If you use the HEREDOC syntax, you can verify that the resulting .my.cnf file does actually contain full paths, and not environment variables anymore.

Once you have the .my.cnf file in place, you need to initialize your database with some internal data that MariaDB needs. In the same terminal, run the following commands:

$ ml system mariadb
$ $MARIADB_DIR/scripts/mysql_install_db --basedir=$MARIADB_DIR  --datadir=$DB_DIR

Start the server#

You can now start the MariaDB server. For this, first get an allocation on a compute node, note the hostname of the compute node your job has been allocated, load the mariadb module, and then run the mysqld_safe process:

$ srun --pty bash
$ echo $SLURM_JOB_NODELIST
sh-01-01
$ ml system mariadb 
$ mysqld_safe
180705 18:14:27 mysqld_safe Logging to '/home/users/kilian/db/mysqld.log'.
180705 18:14:28 mysqld_safe Starting mysqld daemon with databases from /home/users/kilian/db/

The mysqld_safe will be blocking, meaning it will not give the prompt back for as long as the MariaDB server runs.

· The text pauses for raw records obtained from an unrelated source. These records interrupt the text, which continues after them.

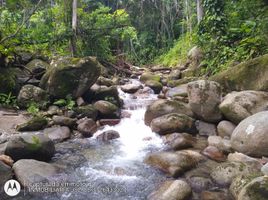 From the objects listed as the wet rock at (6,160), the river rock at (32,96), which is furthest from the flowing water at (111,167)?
the river rock at (32,96)

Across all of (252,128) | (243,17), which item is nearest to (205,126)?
(252,128)

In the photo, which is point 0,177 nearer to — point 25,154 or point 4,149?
point 25,154

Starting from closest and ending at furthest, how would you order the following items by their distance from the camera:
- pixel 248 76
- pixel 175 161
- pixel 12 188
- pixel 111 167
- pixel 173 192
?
1. pixel 173 192
2. pixel 12 188
3. pixel 175 161
4. pixel 111 167
5. pixel 248 76

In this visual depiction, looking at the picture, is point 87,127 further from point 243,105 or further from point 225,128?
point 243,105

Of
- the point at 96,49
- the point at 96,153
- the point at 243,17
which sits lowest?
the point at 96,153

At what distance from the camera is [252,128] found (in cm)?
621

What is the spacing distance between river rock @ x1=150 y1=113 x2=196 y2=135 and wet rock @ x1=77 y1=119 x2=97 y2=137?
5.90ft

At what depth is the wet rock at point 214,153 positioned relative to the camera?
6.59m

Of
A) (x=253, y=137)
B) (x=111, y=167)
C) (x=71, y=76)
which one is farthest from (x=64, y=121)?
(x=253, y=137)

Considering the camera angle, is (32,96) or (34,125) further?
(32,96)

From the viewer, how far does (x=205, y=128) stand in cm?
830

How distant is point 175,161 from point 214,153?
1149 millimetres

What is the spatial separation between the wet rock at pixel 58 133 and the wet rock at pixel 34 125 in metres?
0.23

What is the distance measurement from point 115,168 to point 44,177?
146 cm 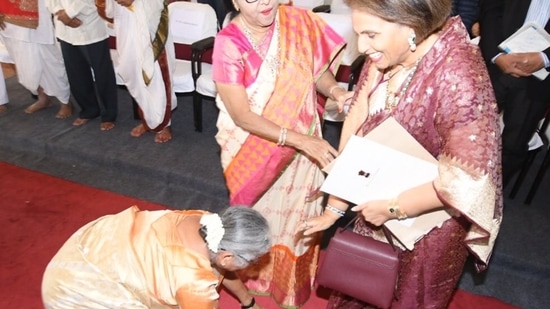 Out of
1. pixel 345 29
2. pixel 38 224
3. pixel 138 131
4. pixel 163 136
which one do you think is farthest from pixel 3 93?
pixel 345 29

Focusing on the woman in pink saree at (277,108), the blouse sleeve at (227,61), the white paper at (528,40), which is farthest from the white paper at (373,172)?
the white paper at (528,40)

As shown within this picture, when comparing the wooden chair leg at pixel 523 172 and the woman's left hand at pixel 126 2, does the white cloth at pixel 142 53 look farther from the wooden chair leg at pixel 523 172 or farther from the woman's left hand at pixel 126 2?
the wooden chair leg at pixel 523 172

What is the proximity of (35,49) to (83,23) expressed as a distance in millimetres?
611

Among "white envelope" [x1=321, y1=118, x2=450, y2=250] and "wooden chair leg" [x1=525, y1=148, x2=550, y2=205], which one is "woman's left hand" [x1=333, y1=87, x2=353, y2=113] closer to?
"white envelope" [x1=321, y1=118, x2=450, y2=250]

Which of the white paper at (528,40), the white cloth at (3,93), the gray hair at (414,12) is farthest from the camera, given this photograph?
the white cloth at (3,93)

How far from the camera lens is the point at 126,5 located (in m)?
3.01

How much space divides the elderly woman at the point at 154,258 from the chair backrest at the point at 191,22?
2156 millimetres

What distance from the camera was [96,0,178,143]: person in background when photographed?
120 inches

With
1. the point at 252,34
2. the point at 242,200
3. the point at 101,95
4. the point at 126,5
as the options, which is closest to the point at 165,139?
the point at 101,95

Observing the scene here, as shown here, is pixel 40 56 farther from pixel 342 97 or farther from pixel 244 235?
pixel 244 235

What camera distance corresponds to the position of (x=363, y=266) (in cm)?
147

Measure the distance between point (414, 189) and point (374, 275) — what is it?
327mm

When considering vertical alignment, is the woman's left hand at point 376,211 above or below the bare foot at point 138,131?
above

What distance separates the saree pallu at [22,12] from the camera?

If it does return on its own, it probably means that something went wrong, and you'll find more information about the issue in the $DB_DIR/mysqld.log file you defined in ~/.my.cnf.

Run queries#

You're now ready to run queries against that MariaDB instance, from the same node your job is running on.

From another terminal on Sherlock, connect to your job's compute node (here, it's sh-01-01, as shown above), load the mariadb module, and then run the mysql command: it will open the MariaDB shell, ready to run your SQL queries:

$ ssh sh-01-01
$ ml system mariadb
$ mysql
Welcome to the MariaDB monitor.  Commands end with ; or \g.
Your MariaDB connection id is 8
Server version: 10.2.11-MariaDB Source distribution

Copyright (c) 2000, 2017, Oracle, MariaDB Corporation Ab and others.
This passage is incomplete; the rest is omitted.